O MUNDO perdeu a cabeça. Não é para brincar. A cabeça e, por vezes, um ou outro membro. Assim é revelado em Lusaka, capital da distante Zâmbia, onde por entre a poeira dos dias, escaparates bem improvisados sublinham ingenuamente a realidade vivida aqui e ali.
Na penumbra do tórrido quotidiano aguarda-se pela potencial clientela que passa a velocidades moderadas. Neste stand vendem-se os últimos modelitos, e não supostamente por “liquidação total”. Trata-se de modelitos também encontráveis nas ruas de Pequim, Ancara ou Quito. A isto, chamam-lhe, entre outras coisas, globalização. E os vestidos, ostentados por manequins caucasianos, acompanham-se com cebola, em sacos de dez quilos, de forma a que o choro seja disfarçado com motivações várias e de catárses outras.
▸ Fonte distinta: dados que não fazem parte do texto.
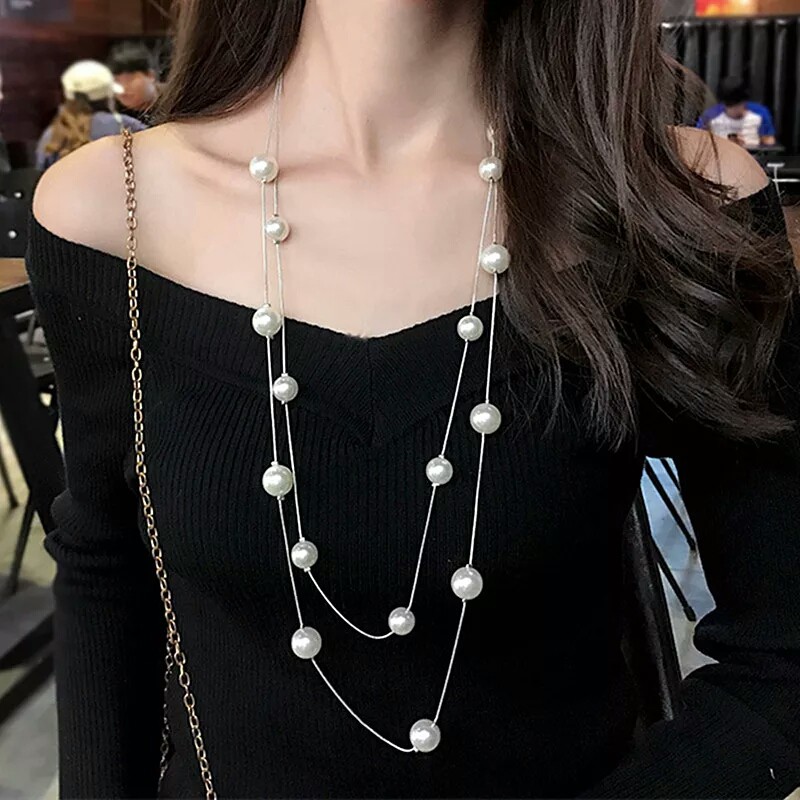 kALUNG WANITA PANJANG MURAH KEKINIAN KL011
Por entre o espaço de vendas entrevê-se um cartaz do britânico Barclays Bank. Conhecido por ter financiado o regime do Apartheid da África do Sul (“Boerclaysbank”), pelo envolvimento em lavagens de dinheiro em África e noutras latitutes, por colaborar com o tiranete vizinho, Robert Mugabe, mas sobretudo por continuar a financiar e estar directamente envolvido no comércio de armas ao nível global. Armas que não desmembram ou decapitam manequins avitrinados mas gente de verdade.
As estradas e cruzamentos anónimos oferecem mensagens mais ou menos subliminares, ilustrando as complexas ligações entre cá e acolá, e de como o mundo perdeu cabeça.